AIM OF THE EXERCISE
Would you repeat each line below exactly, without the pictures?

DATASET EXCERPT
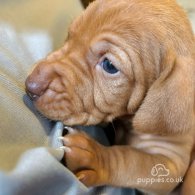 Hungarian Vizsla - Both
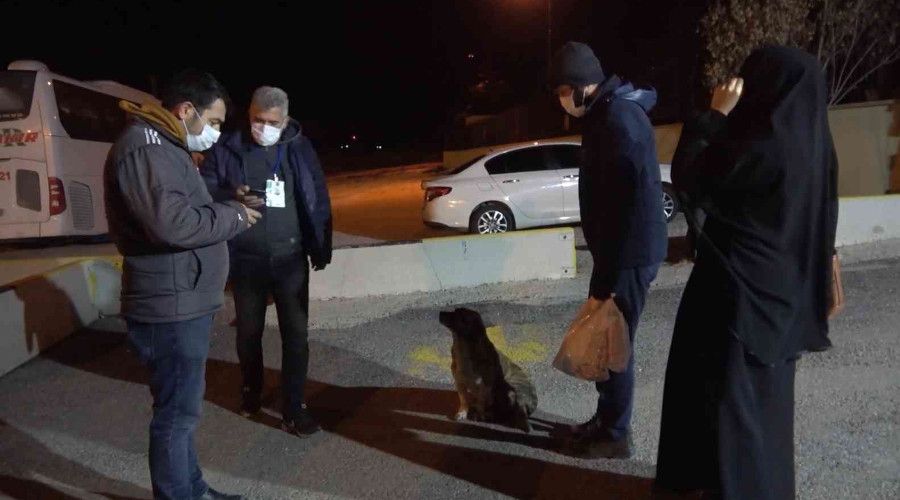 Vir�sl� kar�-koca otob�ste yakaland�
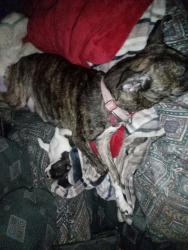 Lost Female Dog last seen Near snake run Rd Alderson WV , Alderson, WV 24910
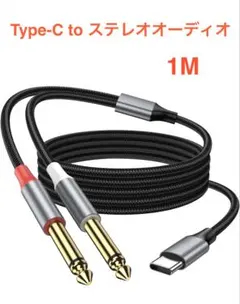 Type-Cからダブル6.35mmステレオオーディオケーブル 1M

TASK ANSWER
 Hungarian Vizsla - Both
 Vir�sl� kar�-koca otob�ste yakaland�
 Lost Female Dog last seen Near snake run Rd Alderson WV , Alderson, WV 24910
 Type-Cからダブル6.35mmステレオオーディオケーブル 1M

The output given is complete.